● EXERCISE GOAL
Retype, exactly as written, every line from the one containing "Dámske nohavice Expresso 63949836" through the last line of the records below, both included; skip the pictures.

● DATA RECORDS
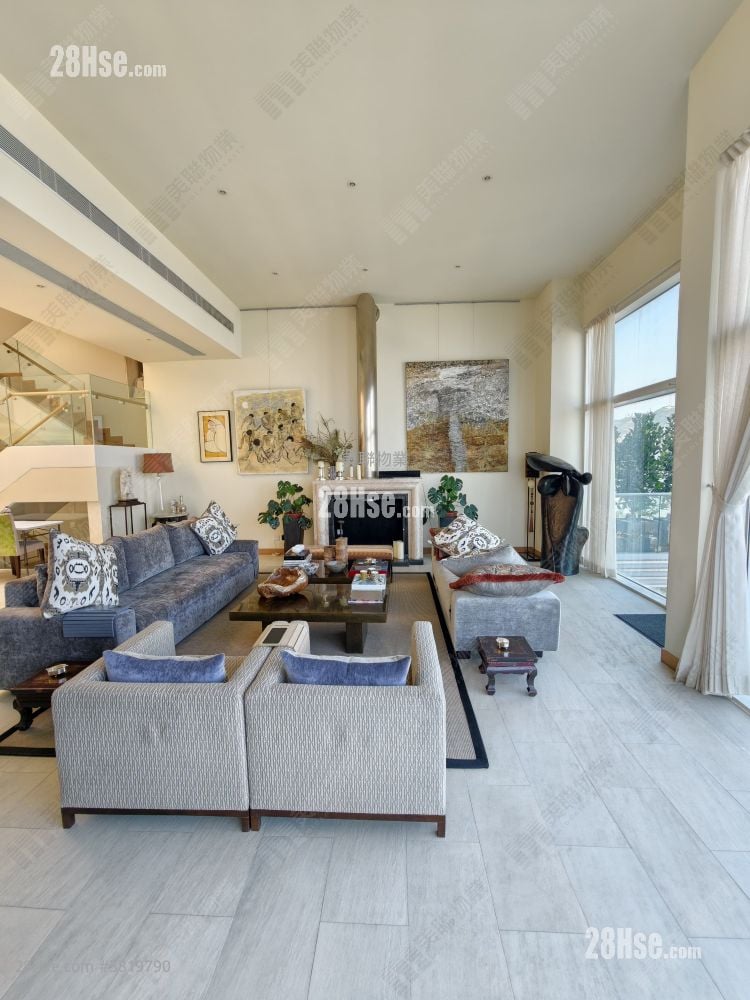 种植道56号 售盘 4 房 , 4 浴室 4,021 平方尺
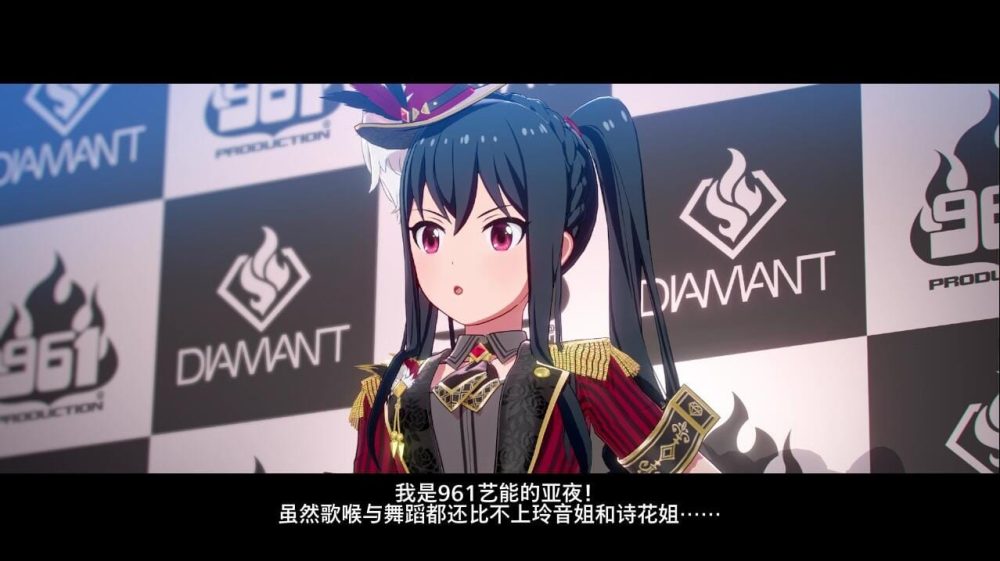 QQ20231130023445_压缩后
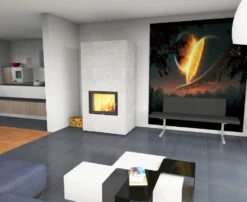 Grundofen Brunner BSG 01 Modul Speicher Stein Aufgesetzt, Hoch 13 Grundofen Brunner BSG 01 Modul Speicher Stein Aufgesetzt, Hoch -Sica Heizung Geschaft 89a7c802da8f9c11be382e597acec647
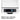 Oxo Good Grips | Oxo Good Grips 11 Pound Stainless Steel Food Scale With Pull Out Display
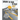 Working the Road to Your Best Stuff 2.0: A Workbook and Guide for Maximizing Your Career, Business, or Cause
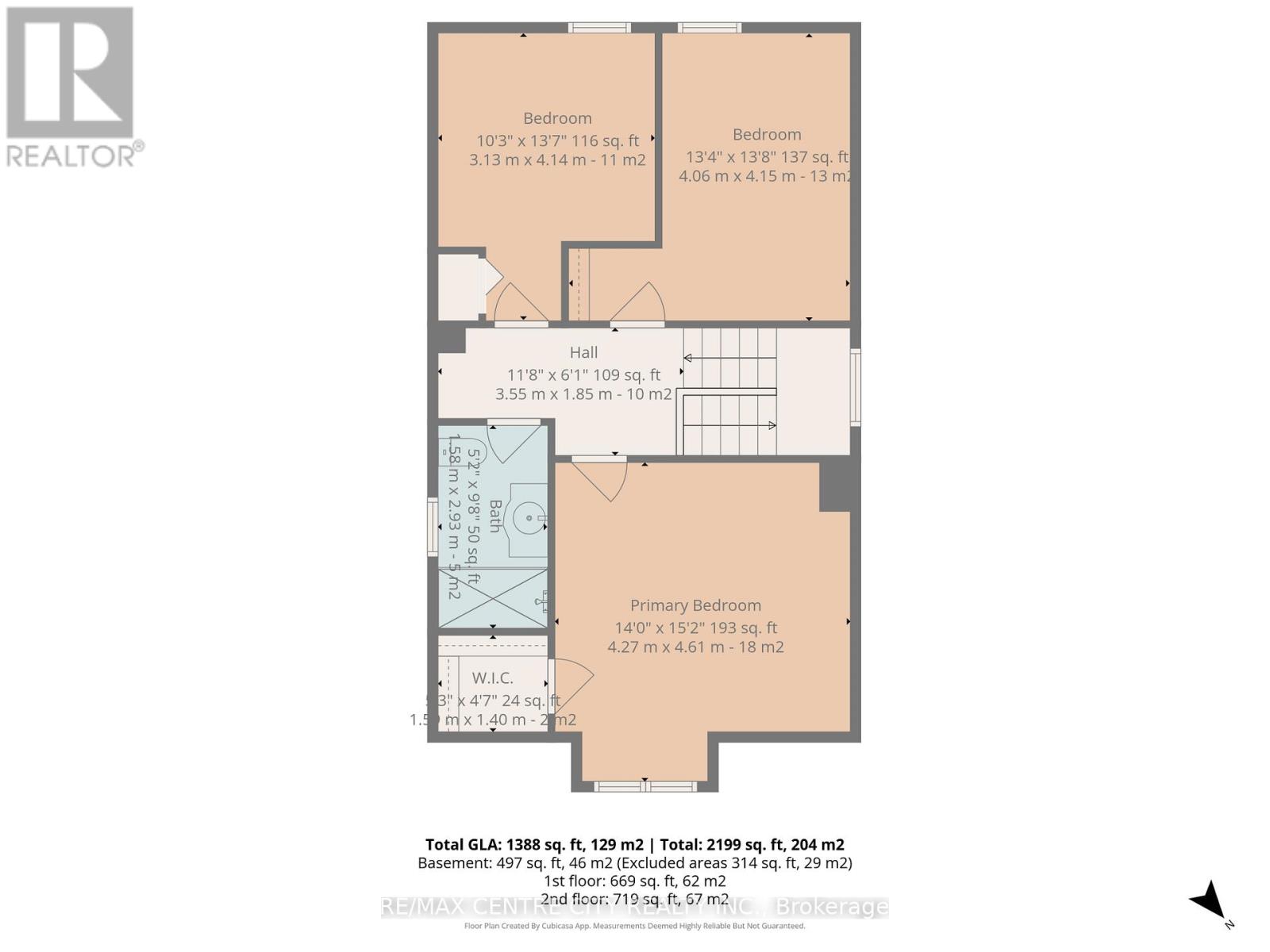 #29 301 CARLOW ROAD - 17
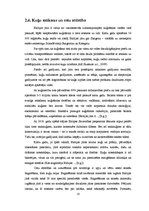 Referāts 'Baltijas jūras piesārņojums', 10.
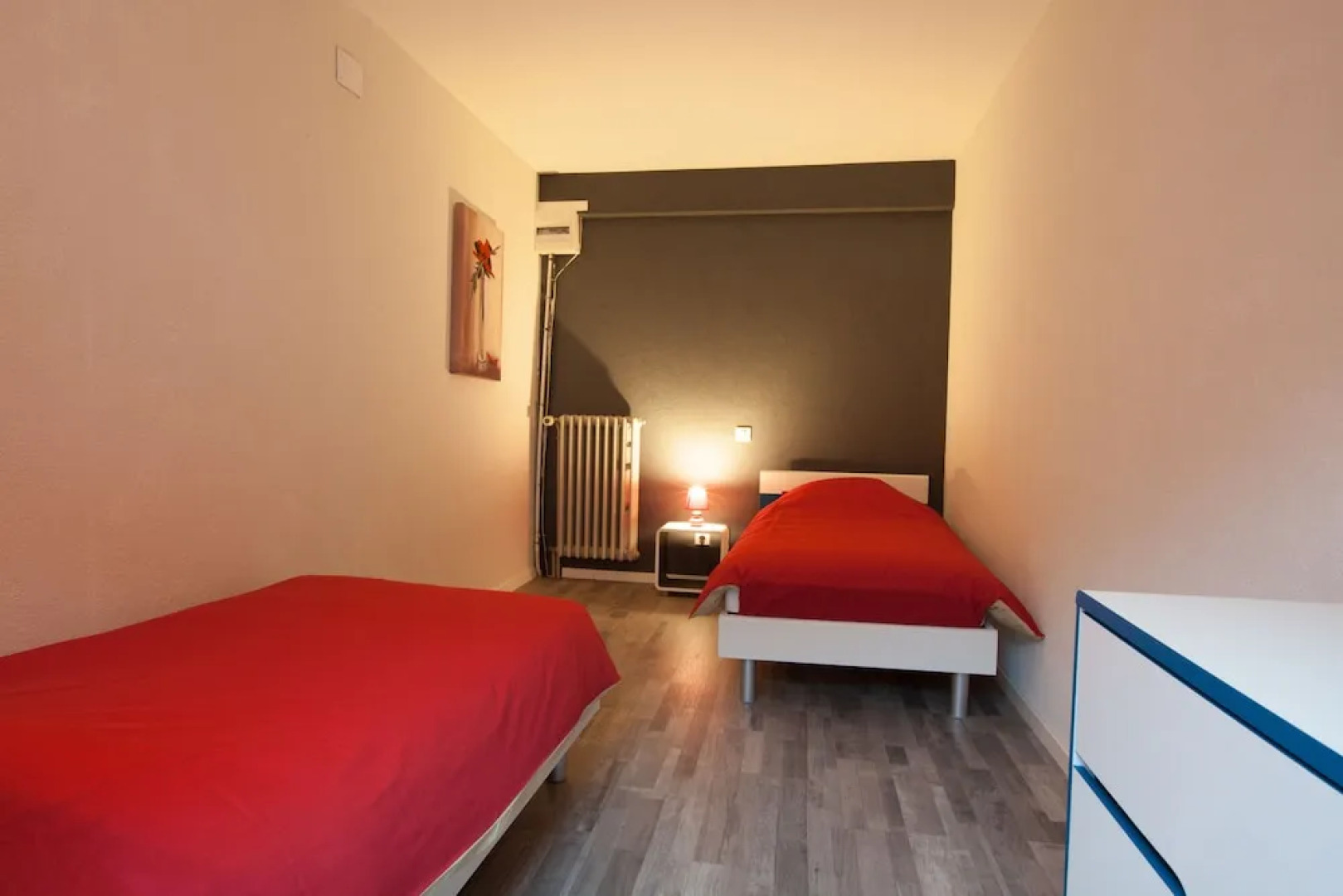 Chambres d'hôtes Les Houes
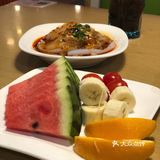 北京实惠不踩雷川菜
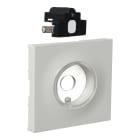 SCHNEIDER ELECTRIC - Tarvike ELKO Plus - Valonsäät. osat valkohohde VAL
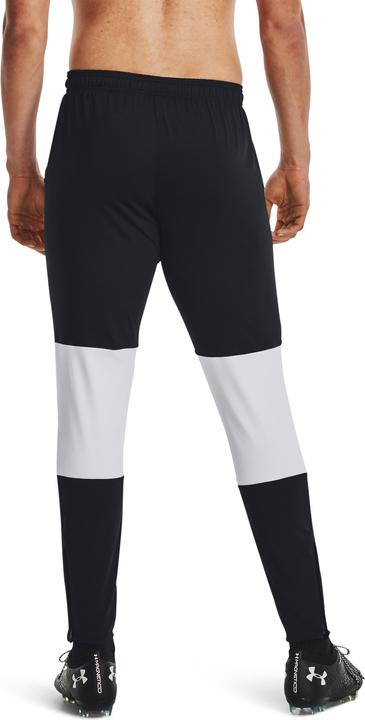Produktbild Under Armour Challenger Training Trainingshose Herren (S)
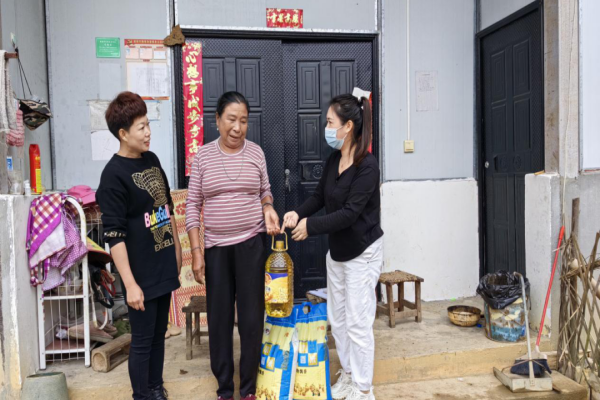 微信图片_20230612142946_副本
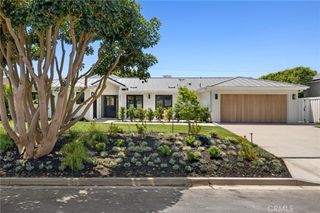 2501 Via Marina, Newport Beach, CA 92660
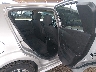 1G1JD6SH7H4****** Wrecked 2017 Chevrolet Sonic in Phoenix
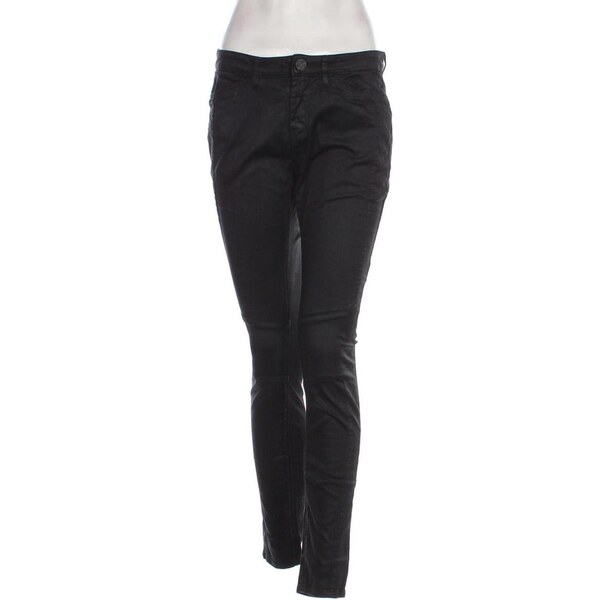 Dámske nohavice Expresso 63949836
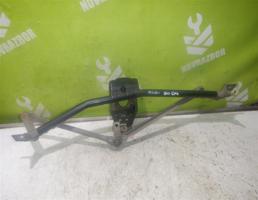 Трапеция стеклоочистителей для Audi 80 90 B4 91-94  запчасти бу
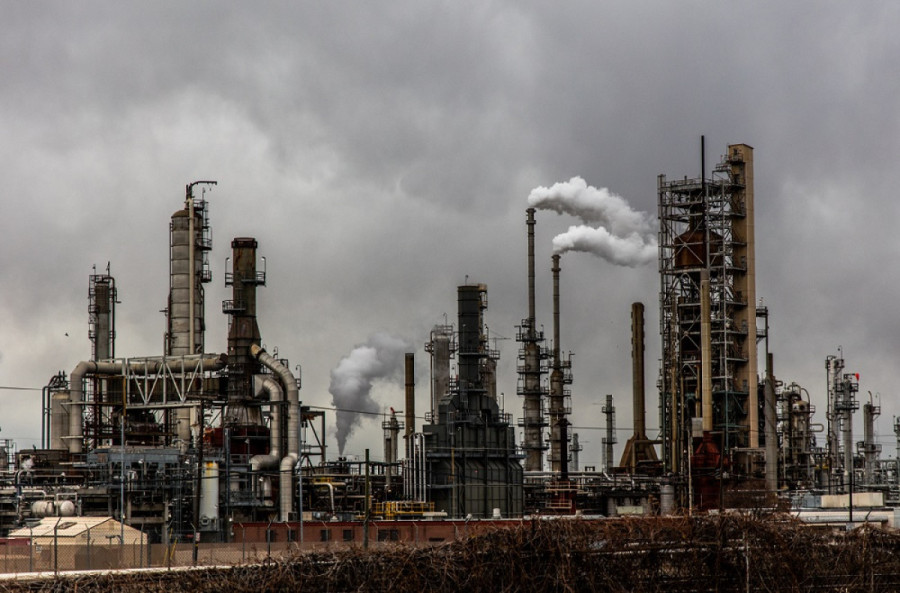 Προς «διαζύγιο» Gazprom – Κοπελούζος μετά από 32 χρόνια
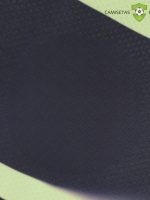 Camiseta Manchester City 22-23, 3 Equipaci??n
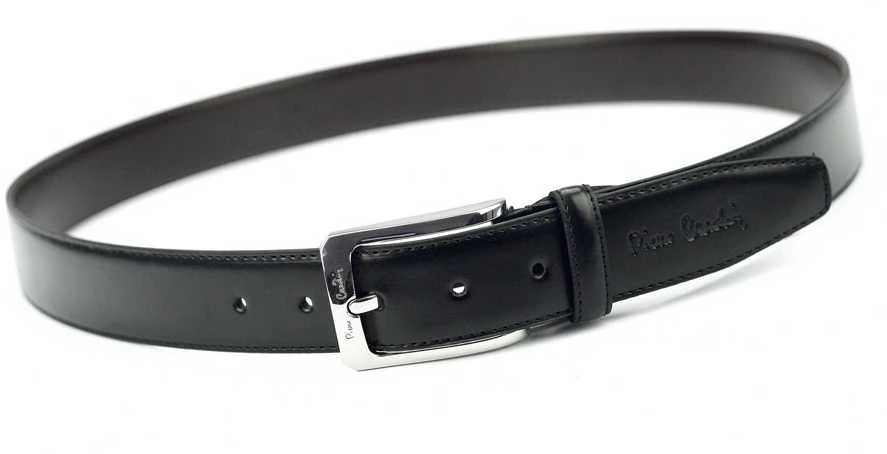 Pierre Cardin Dovanų rinkinys vyrams SEVEN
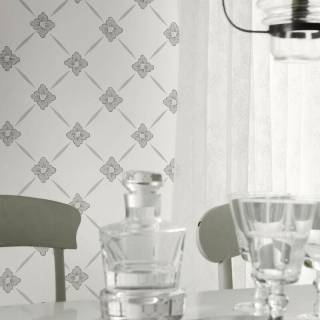 Колекція Anno, 4505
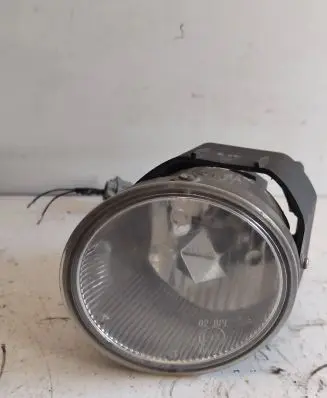 Nissan X-Trail T30 Front fog light 11463626L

● SOLUTION FOR THIS TASK
 Dámske nohavice Expresso 63949836
 Трапеция стеклоочистителей для Audi 80 90 B4 91-94  запчасти бу
 Προς «διαζύγιο» Gazprom – Κοπελούζος μετά από 32 χρόνια
 Camiseta Manchester City 22-23, 3 Equipaci??n
 Pierre Cardin Dovanų rinkinys vyrams SEVEN
 Колекція Anno, 4505
 Nissan X-Trail T30 Front fog light 11463626L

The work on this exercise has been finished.